### Required work
The result should be an exact copy of the data, free of pictures.

### Collected data
==*==
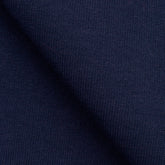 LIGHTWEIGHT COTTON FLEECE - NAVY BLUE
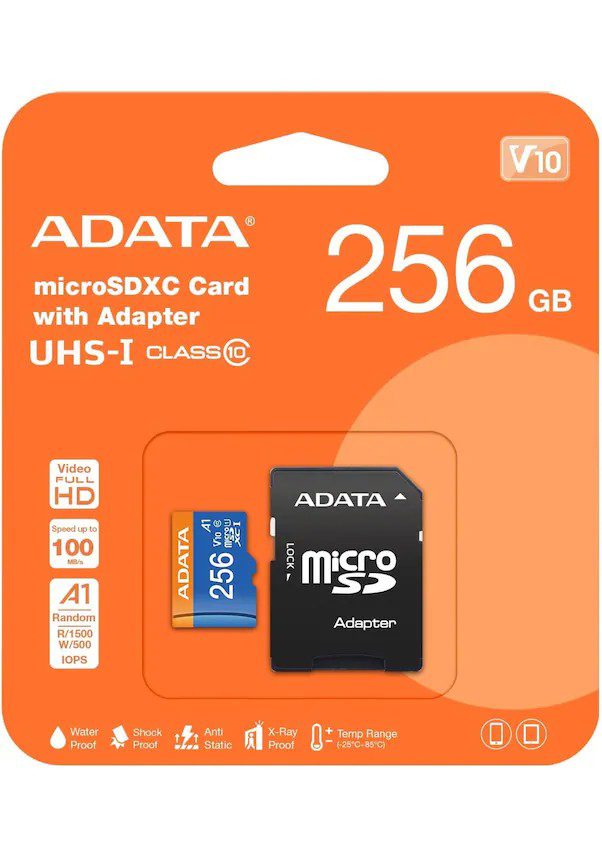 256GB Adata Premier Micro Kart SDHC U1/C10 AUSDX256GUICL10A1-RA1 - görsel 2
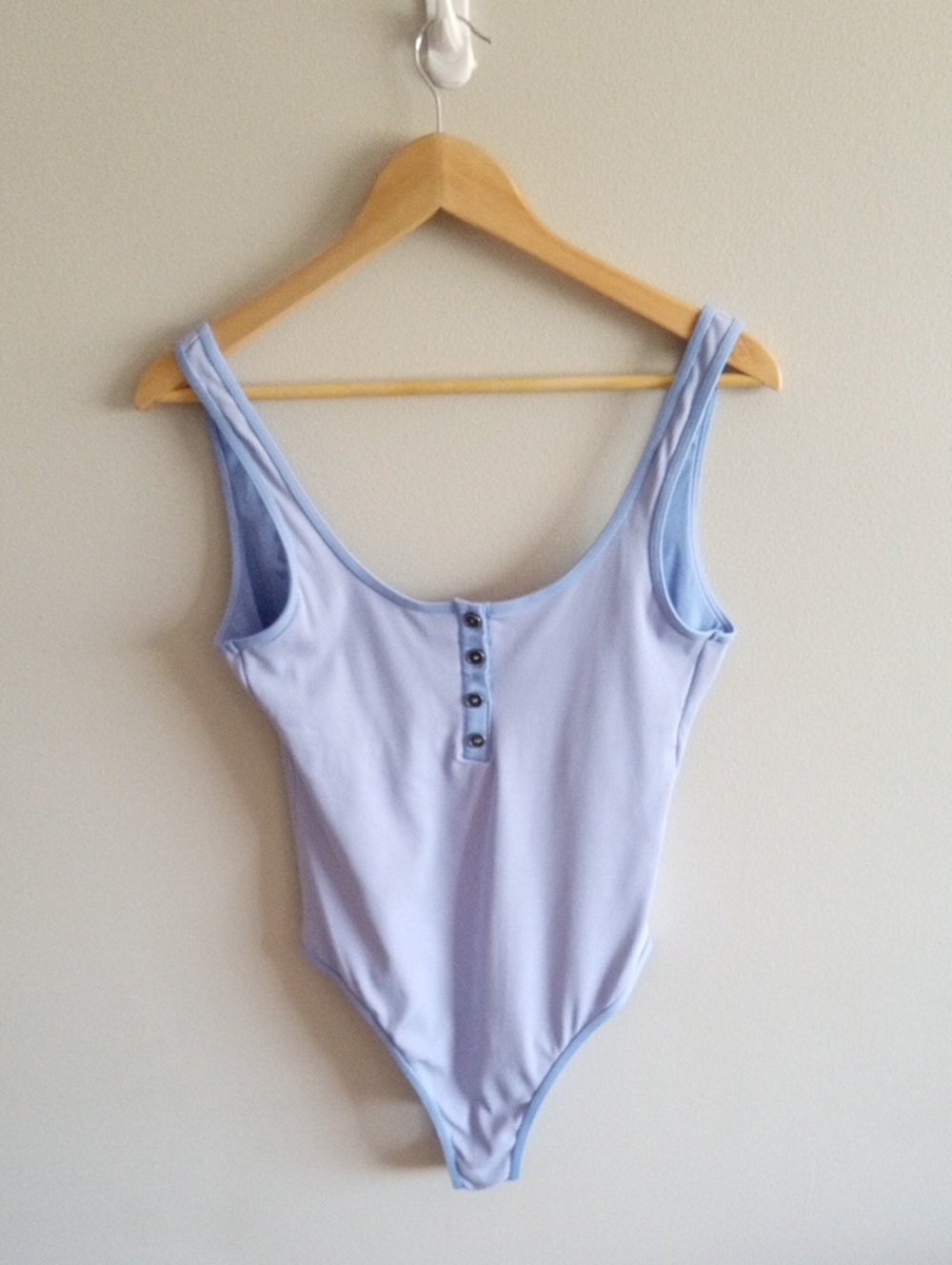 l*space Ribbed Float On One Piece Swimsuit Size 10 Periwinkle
==*==
### Output
 LIGHTWEIGHT COTTON FLEECE - NAVY BLUE
 256GB Adata Premier Micro Kart SDHC U1/C10 AUSDX256GUICL10A1-RA1 - görsel 2
 l*space Ribbed Float On One Piece Swimsuit Size 10 Periwinkle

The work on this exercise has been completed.